BUANAINDONESIA.CO.ID, KAB SUKABUMI,- Geopark Ciletuh-Palabuhanratu resmi ditetapkan menjadi bagian dari jaringan geopark dunia atau Unesco Global Geopark (UGG). Ini merupakan sejarah baru bagi dunia pariwisata di Jawa Barat. Kabar ini disampaikan oleh Gubernur Jawa Barat Ahmad Heryawan (Aher) saat hadir di acara Geopark Ciletuh-Palabuhanratu Fun Day Towards Unesco Global Geopark di Pantai Palangpang, Kawasan Geopark Ciletuh-Palabuhanratu, Desa Ciwaru, Kecamatan Ciemas, Kabupaten Sukabumi, Minggu 15 April 2018.

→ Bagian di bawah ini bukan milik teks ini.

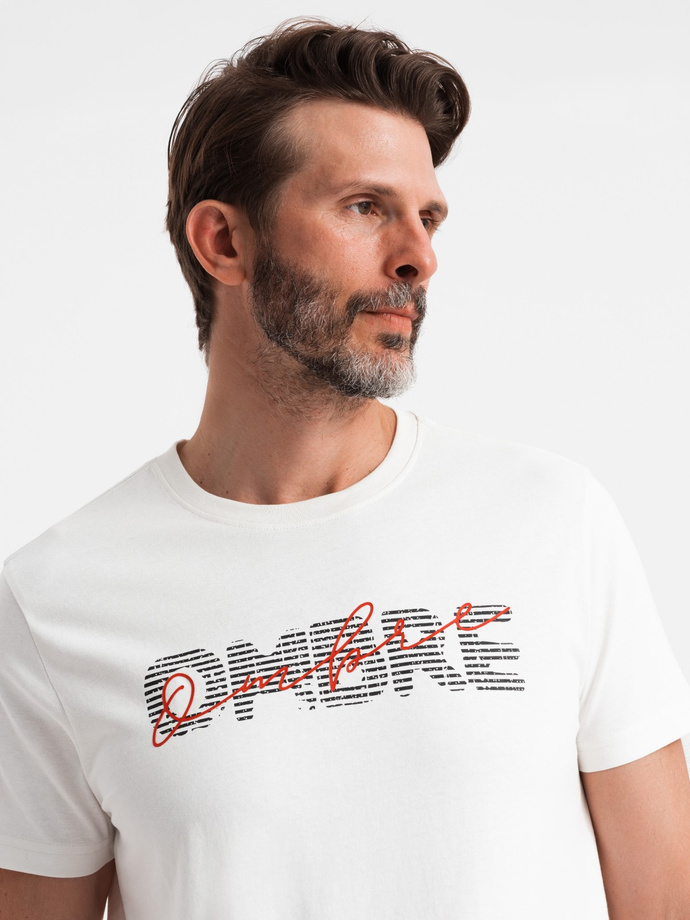 Men's cotton t-shirt with double printed logo - white V1 OM-TSPT-0211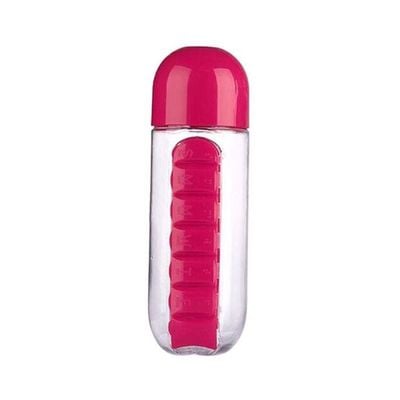 Water Bottle With Pill Organizer Pink/Clear 600ml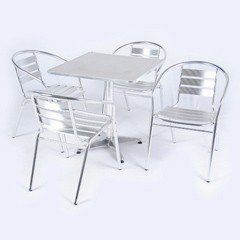 Greenfingers Kensington 4 Seater Bistro Set - Aluminium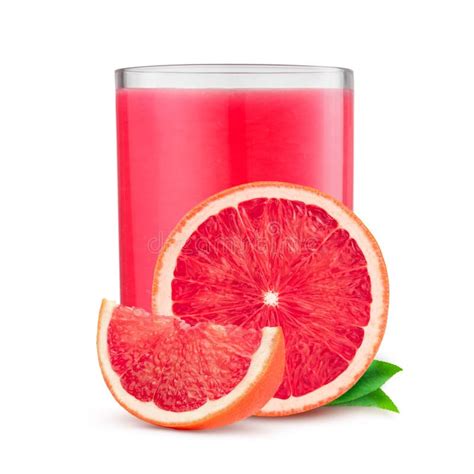 Glass of Pink Grapefruit Juice on White Stock Photo - Image of object ...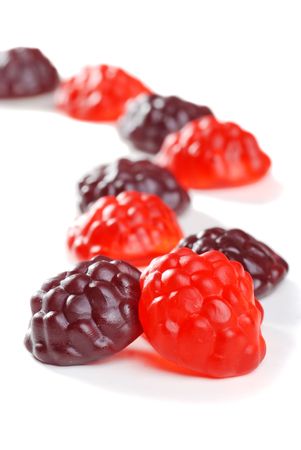 Fruit Gummy Candy In A Line Shallow Dofの写真素材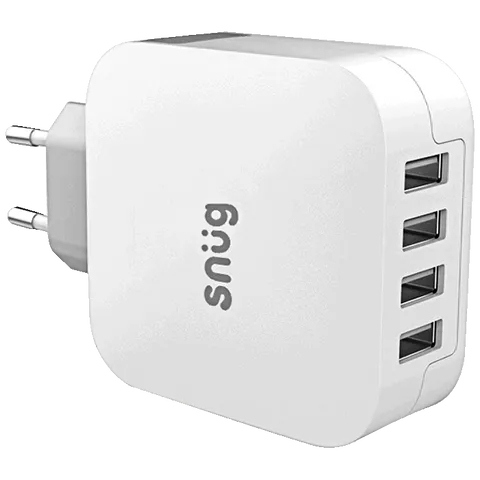 Snug 4 Port USB Home Charger - White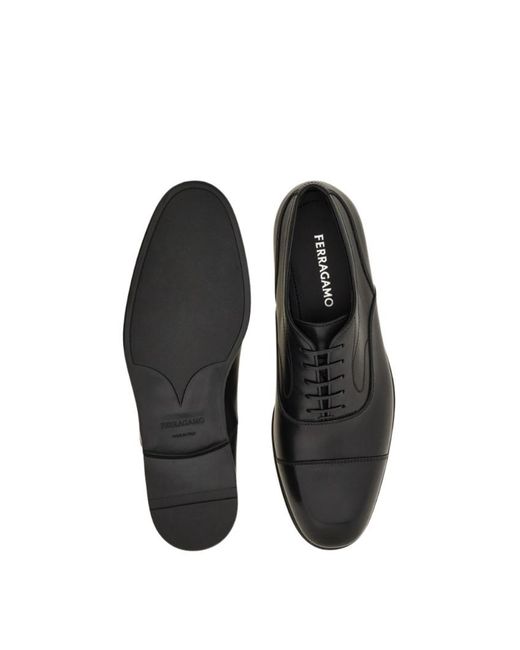 Ferragamo Black Ferragamo Lace-Up Flat Shoes for men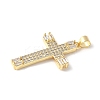 Brass Micro Pave Cubic Zirconia Cross Pendants ZIRC-I071-04G-03-2
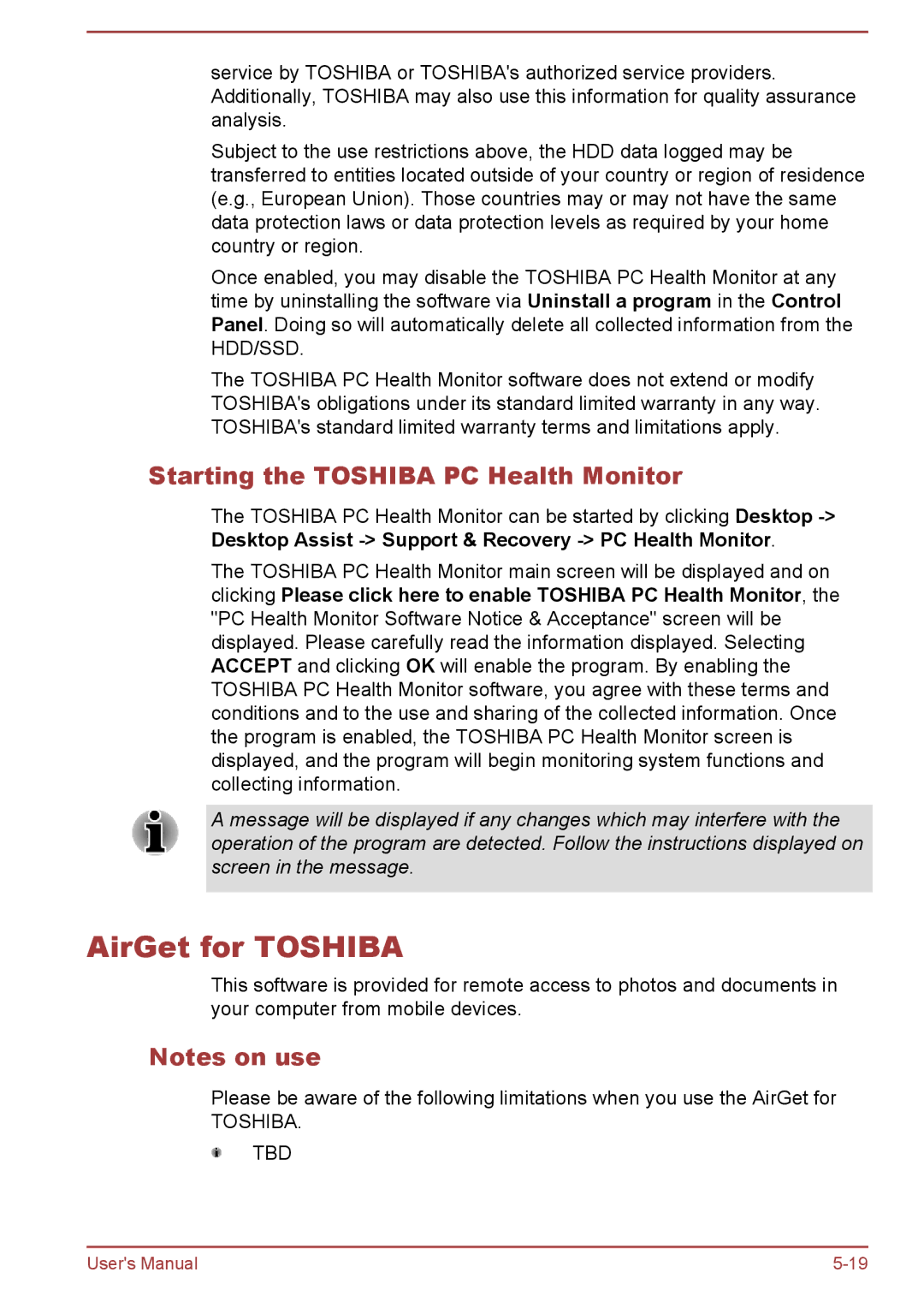 Toshiba L50-A/L50D-A/L50t-A/L50Dt-A, S50t-A/S50Dt-A user manual AirGet for Toshiba, Starting the Toshiba PC Health Monitor 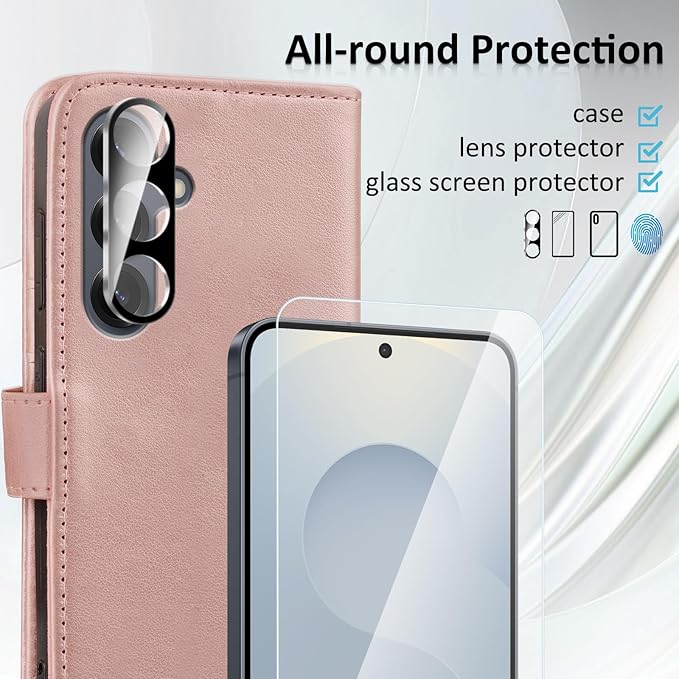 MONASAY Wallet Case Fit for Samsung Galaxy S25 5G, [Lens & Glass Screen Protector Included] [RFID Blocking] Flip Folio Leather Cell Phone Cover with Credit Card Holder, 6.2 inch, Rosegold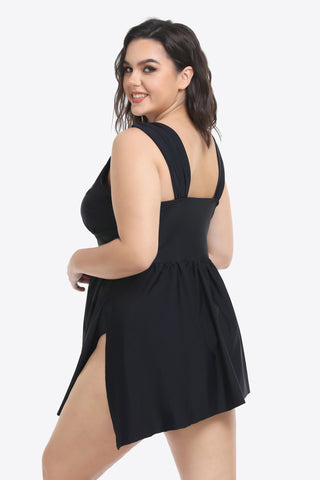 Shop Plus Size Plunge Sleeveless Two-Piece Swimsuit - High-Quality U.S. Made Women’s Fashion with Free Fast Shipping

Selain Ciletuh, kata Aher, Unesco juga mengesahkan 12 geopark dari 11 negara sebagai UGG. Dua diantaranya dari Indonesia, yaitu Geopark Ciletuh-Palabuhanratu dan yang kedua Geopark Rinjani di NTB. Pengesahan disampaikan dalam sidang Executive Board Unesco ke 204, Komisi Programme and External Relations, Kamis lalu, 12 April 2018 di Paris, Perancis.
Masih lanjut Aher, dirinya mengaku mendapatkan kabar tersebut dari Kepala Dinas Pariwisata dan Kebudayaan Kabupaten Sukabumi, Budiman, selaku perwakilan Jawa Barat di sidang tersebut.

Advertisement

Proses penetapan Geopark Ciletuh-Palabuhanratu menjadi jaringan geopark global Unesco (UGG) terbilang cepat. Biasanya proses yang ditempuh sepuluh tahun setelah penetapan geopark nasional.

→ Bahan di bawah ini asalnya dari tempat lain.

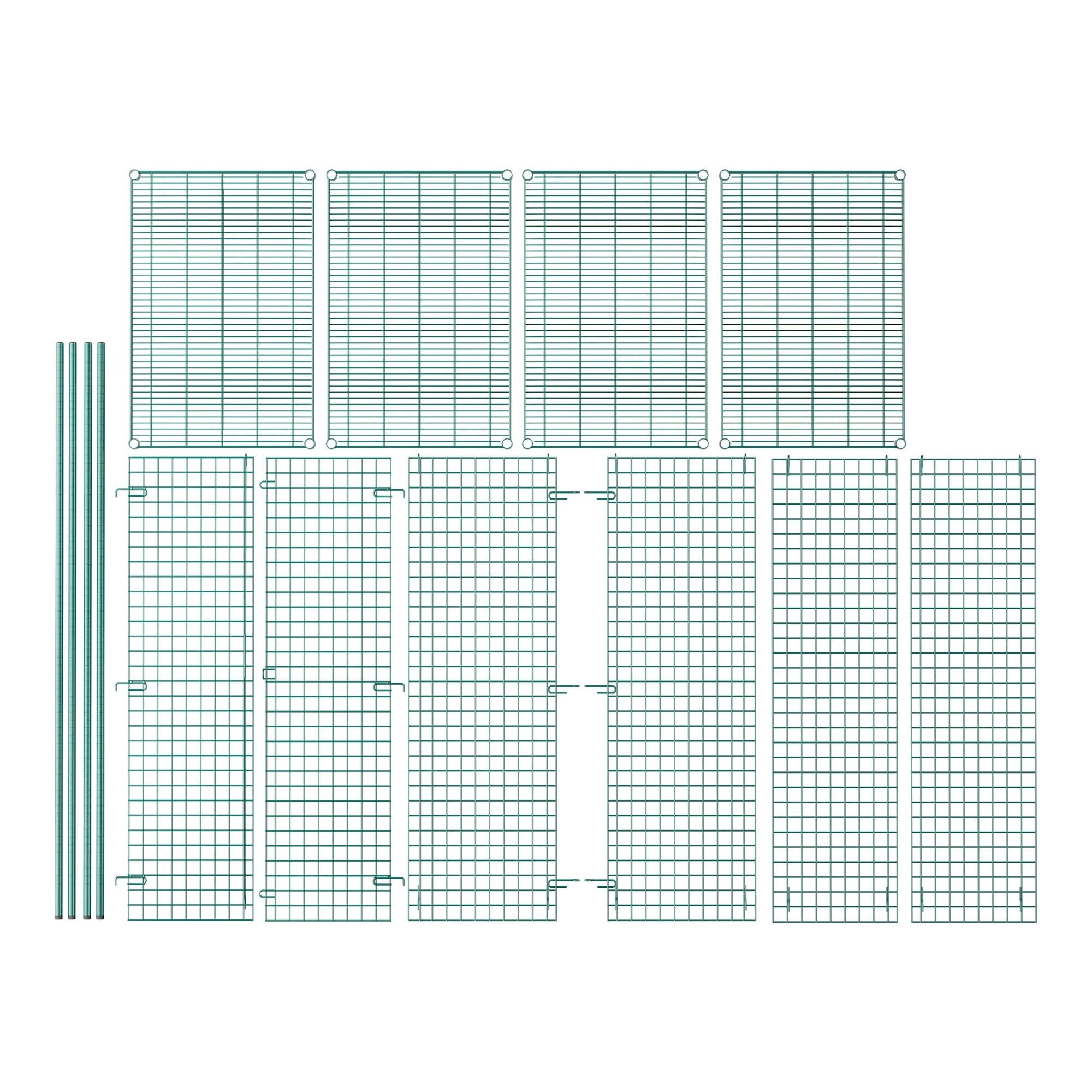 WEBSTORE SUPPLY Stationary Green Wire Security Cage Kit, Commercial Security Metal Mesh Cage, Storage Cage with Shelves (24" W x 36" L x 74" H)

“Tiga tahun lalu, kita (Geopark Ciletuh-Palabuhanratu) ditetapkan sebagai geopark nasional oleh Pemerintah Pusat dan langsung kita ajukan ke unesco sebagai ugg. Dan ternyata, Alhamdulillah diterima,” ungkap Aher.

“Ternyata ini tercepat sejak ditetapkan sebagai geopark nasional. Tiga tahun kemudian jadi geopark internasional atau termasuk dalam jaringan geopark global,” tambahnya.

Penyerahan sertifikat Geopark Ciletuh-Palabuhanratu sebagai UGG akan dilakukan pada  September 2018. Hal ini merupakan bagian dari komitmen Pemerintah Daerah Provinsi Jawa Barat di bawah kepemimpinan Gubernur Ahmad Heryawan. Aher berkomitmen untuk terus mengembangkan destinasi wisata di bumi Parahyangan.

Untuk itu, Aher meminta komitmen semua pihak. Baik itu aparat pemerintah provinsi/kabupaten, stakeholder, serta masyarakat agar memelihara destinasi wisata yang telah ada. Terlebih syarat utama sebuah geopark internasional, yaitu pelestarian geodiversity, biodiversity, dan cultural diversity.